The Roman art of satire

Yesterday I picked up one of my favourite books, an old Loeb edition of the satires of Juvenal and Persius.  I don’t quite remember where I got it.  I seem to think that I found it somewhere in the west country, perhaps in a second-hand bookshop on a trip to Minehead.  Anyhow it sits on my shelves, and from time to time I reread the Juvenal in English, and look intermittently at the Latin.

I’ve never been able to get into the Persius, however.  Yesterday, for the first time, I managed it.  I actually read and enjoyed all six satires.

I don’t know why I’ve found Juvenal so much more accessible.  It can’t be the translator, since it’s the same one.  But somehow the style of Perseus, even in translation, is harder to read.

As I read, I saw a reference to the satires of Lucillus, in 30 books, and a thought flashed across my mind that I ought to get hold of these.  But then I remembered that Lucillus is lost, and his satires, so adapted to the age of Roman freedom, are not to be had.

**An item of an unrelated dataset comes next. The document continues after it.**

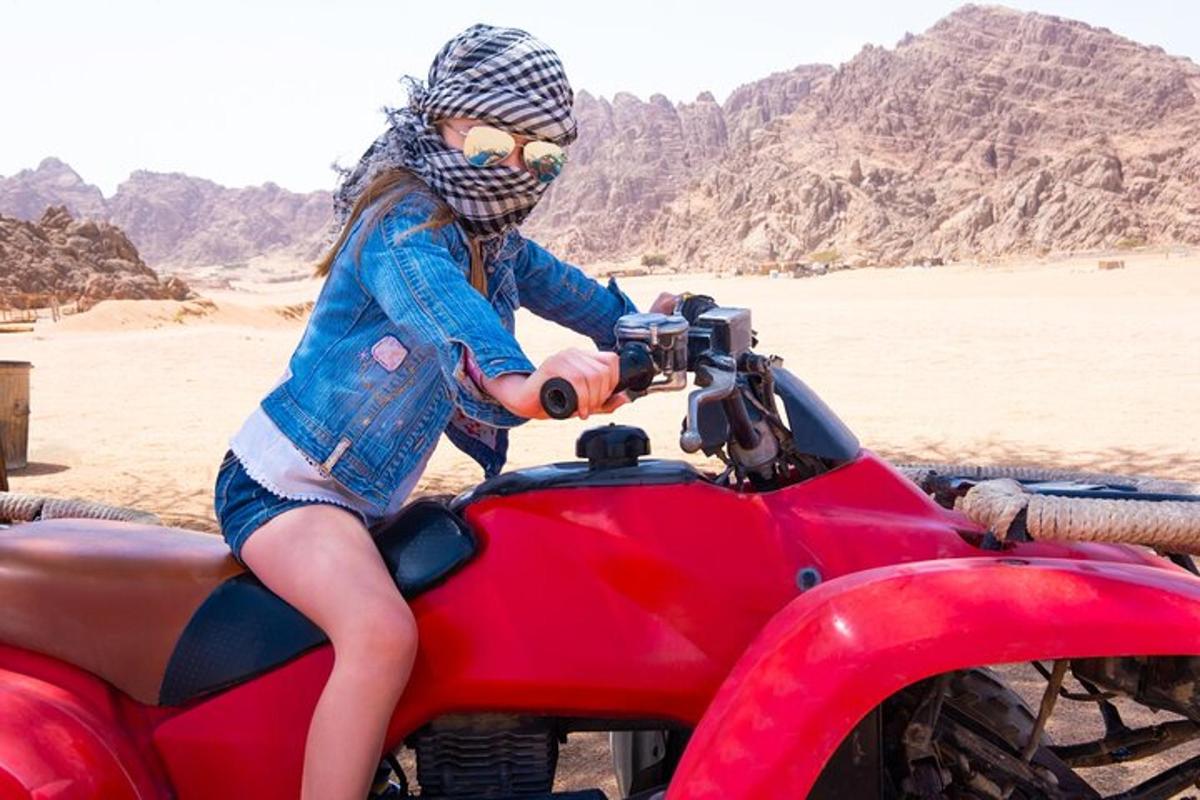 uma mulher sentada em uma motocicleta vermelha no deserto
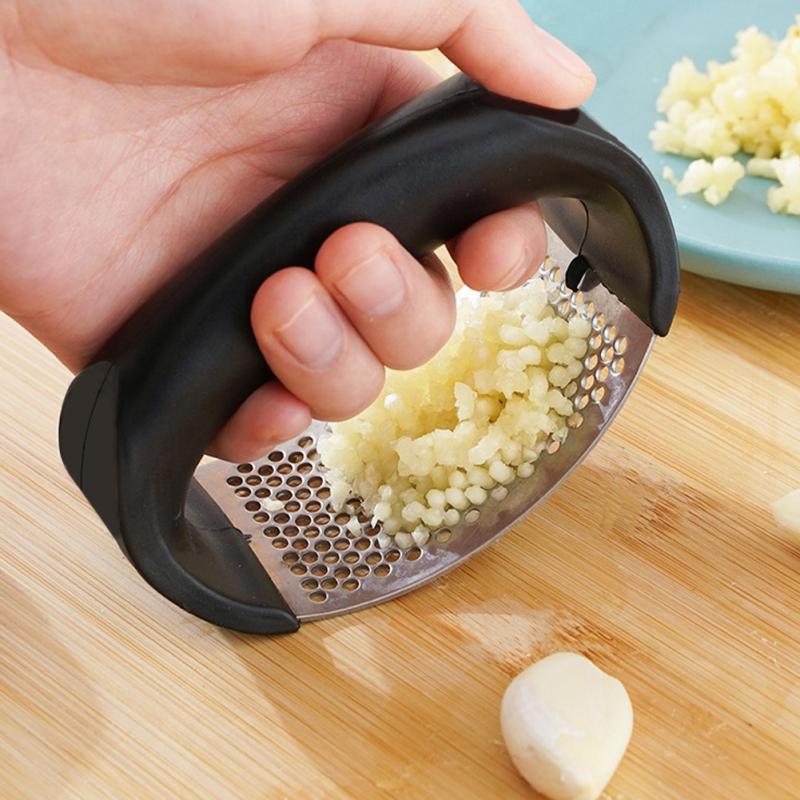 1pcs Stainless Steel Garlic Presses Manual Garlic Mincer Chopping Garlic Tools Curve Fruit Vegetable Tools Home Kitchen Gadgets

The translator, living in a free age, made the point that the end of the Republic and the establishment of an autocracy had a ruinous effect on literature.  Instead of dealing with real things, and making an impact thereby, as was the case in the days of liberty, an ever more frivolous stylistic concern took its place.  For who could say what he really thought, when the First Citizen frowned?  Wealth and a lack of freedom led directly to self-indulgence.  People who are free  take responsibility for their actions, and the state will prosper or suffer accordingly.  But if you have no power, why be responsible?

I found myself wondering about the lack of literature in our own days, and the rottenness that we see everywhere.

Crispinus once again! a man whom I shall often have to call on to the scene, a prodigy of wickedness without one redeeming virtue; a sickly libertine, strong only in his lusts, which scorn none save the unwedded. …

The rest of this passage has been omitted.